Spoken and written words are wondrous tools. They are a university's stock-in-trade. We revel in their texture and nuance and the myriad ways in which they can be strung together, like lights on a Christmas tree. The problem of which the poet spoke persists: "the slimy mud of words ... the sleet and hail of verbal imprecisions."
So this time, God's word was taking a new form, the form of human flesh and blood. In the beginning was the Word. The Word became flesh, John writes, and dwelt among us, full of grace and truth, and we have beheld his glory: the glory of flesh and blood.
I am drawn to this part of the Christmas gospel this year, I am sure, in no small part by the events of and surrounding September 11. Those events have confronted us, perhaps as never before, with the vulnerability of human flesh: its fragility, its exposure to all sorts of attack, and no one is more vulnerable than a newborn.
Right from the start, as Saint Luke tells his story, the Christ Child is exposed to harm -- his mother's labor is induced by an exhausting eighty-mile journey by donkey or on foot. Look at his birthing room -- if you are worried about sterile conditions, you won't find them in a stable. You'd be hard pressed to think of a more septic, less inviting labor and delivery room than a barn at a bed and breakfast in a backwater burg called Bethlehem -- a fetid, nasty place. Mary's babe was born amid such odors. That's where God's eternal Word took on mortal flesh and dwelt among us; his delicate, newborn skin laid in a rough bed of hay and straw. It wouldn't be long before Herod, in a fit of jealous rage, conspired to kill the baby boy. Herod failed at first, of course. But another Herod, thirty or so years later, will succeed where his father had not.
Nails, spear shall pierce him through,
the cross be borne for me, for you.
Hail, hail, the Word made flesh,
the Babe, the Son of Mary.2
The candlelight of Christmas and the soldiers' torchlight of Good Friday must be held in the closest of possible unions.

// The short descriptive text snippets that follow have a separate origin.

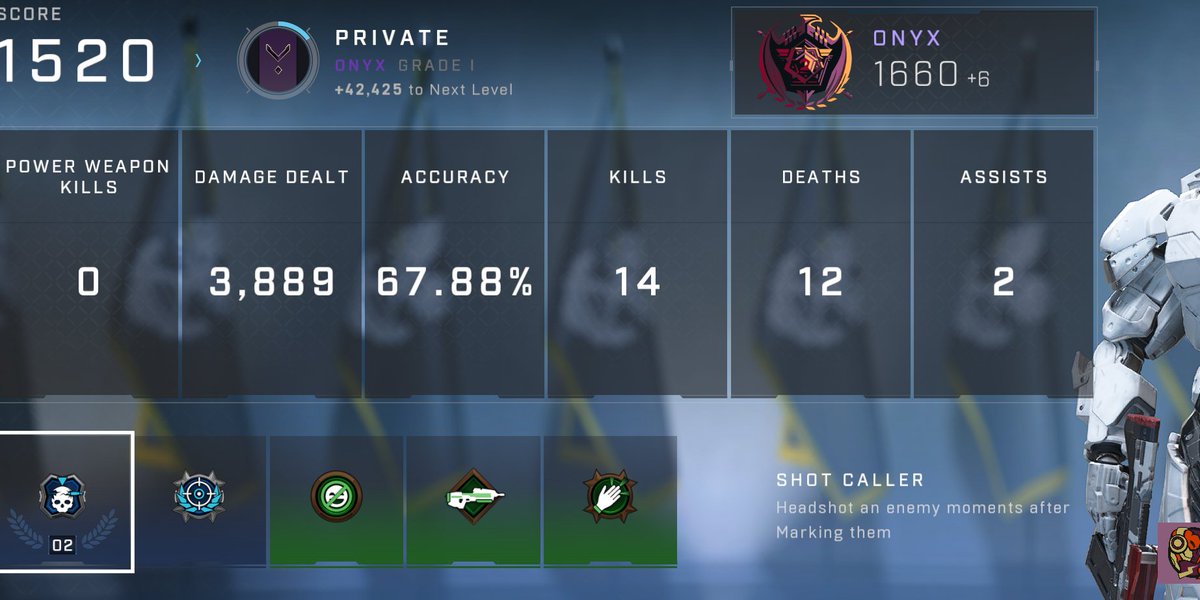 After being stuck at 1659 since Season 2 of the game. I finally reached a new peak CSR!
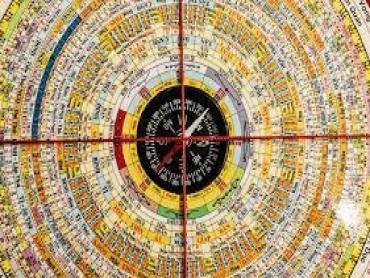 Trọn Hướng Nhà Theo Phong Thủy Hợp Tuổi Cung Mệnh Cho 12 Con Giáp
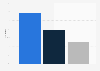 Italy: number of individuals not reading books, by professional status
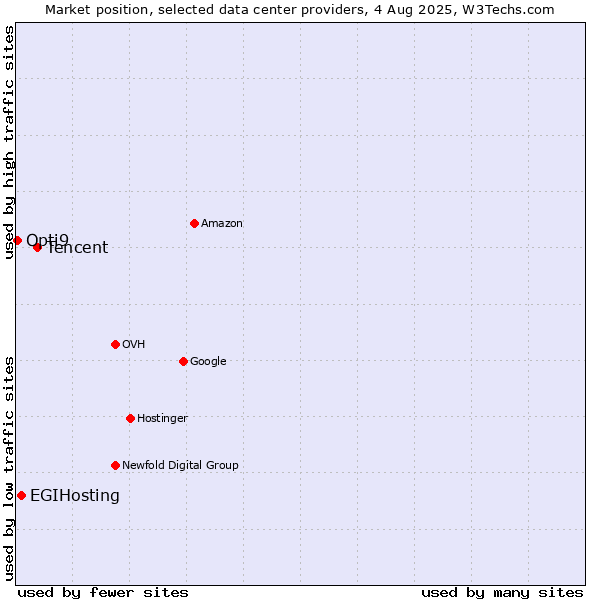 Market position of Tencent vs. EGIHosting vs. Opti9
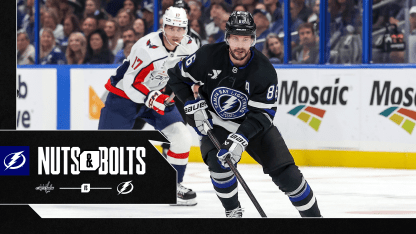 Nuts & Bolts: Back from the trip to host Washington Capitals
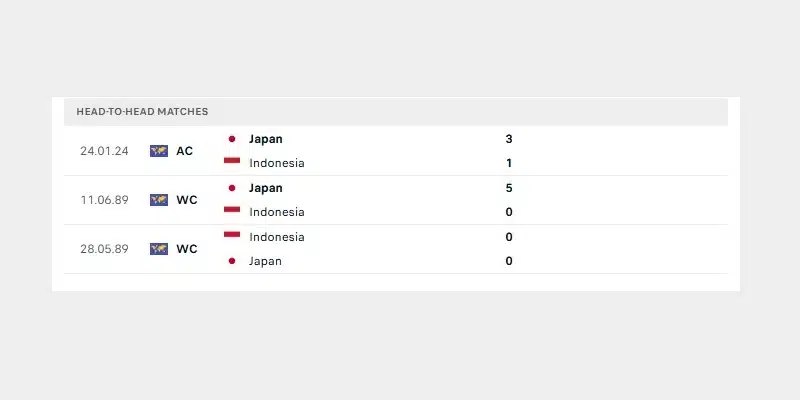 Nhận định Indonesia vs Nhật Bản lịch sử đối đầu của 2 đội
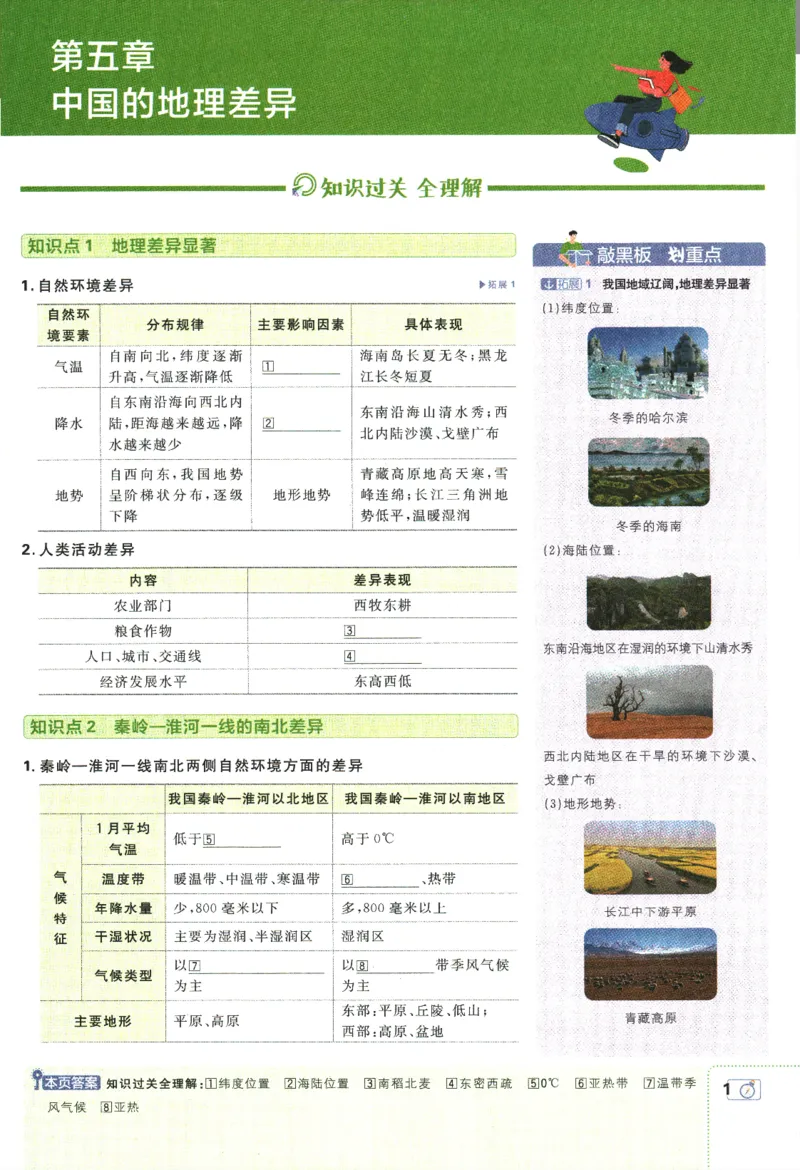 《2024版《初中必刷题》地理8下（RJ）-狂K重点_初中全科知识点总结和试卷_赠送习题试卷_初中3年学习辅助资料_2、2025初中必刷题合集_初中必刷题23+24+25上册_24初中必刷题上册+下册全》第5页预览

Nevertheless, or perhaps we should say, "precisely therefore," God chose to clothe divine majesty in a humble garb of human flesh and blood. Not from afar, in omnipotent imagination, but up close and personal, God wanted to know the glory of what it means to be a flesh and blood human being; wanted us to know the glory of a God who stoops to us and shares this life with us.
The glory of the Lord has been revealed in human flesh and blood. You know it -- you see it -- you feel it each time a small child wraps his pudgy, chubby, sticky fist around your finger or throws her arms around your neck.
You behold it as your family, despite whatever differences may exist, gathers this holy season, to share, to talk, to laugh, to eat and drink together, to have no other agenda for once than simply to be with one another, to be there for one another. The glory of flesh and blood was revealed to me in the words of a homebound member of the congregation I used to serve. As my visit with her ended, we hugged one another, after which she said with misty eyes, "I can't remember the last time anybody hugged me." The unadorned glory of flesh and blood.
Simple things. Utterly unremarkable things. Yet in precisely such things, God couches the glory of love:
* in a very pregnant unmarried young woman;
* in a baby born in a barn;
* in shepherds wide-eyed at glad tidings borne from above; and
* in flesh and blood human encounters through which we come to know and trust and love the eternal God who stoops to lift us and press us to the cheek.
These encounters avoid "the slimy mud of words ... the sleet and hail of verbal imprecisions" because they wrap God's love in a garb of flesh and blood.
You and I have the power to incarnate that love once again in our compassion for one another, for those outside the margins of power and privilege. If we follow the teachings of the one whose birth we are here to celebrate, we have the power to incarnate that love in the more difficult deeds of love toward our enemies and those who hate us. Jesus did not come to call admirers; he came to call followers.
By means of incarnate words, we create the world we live in. Words call new realities into being. We create as we speak. This night, God's Word made flesh speaks peace and good will to all. Through a newborn babe, the divine lover says to the beloved humankind, "I love you." Thereby a whole new world is created, a world God invites us to inhabit.
How shall we respond? What shall we say? What language shall we borrow? What words shall we employ in response to such a heavenly invitation -- mindful as we are that we create as we speak?
____________
1. T.S. Eliot, Choruses from "The Rock," 1934.
2. "What Child Is This?" words by William C. Dix (1837-1898).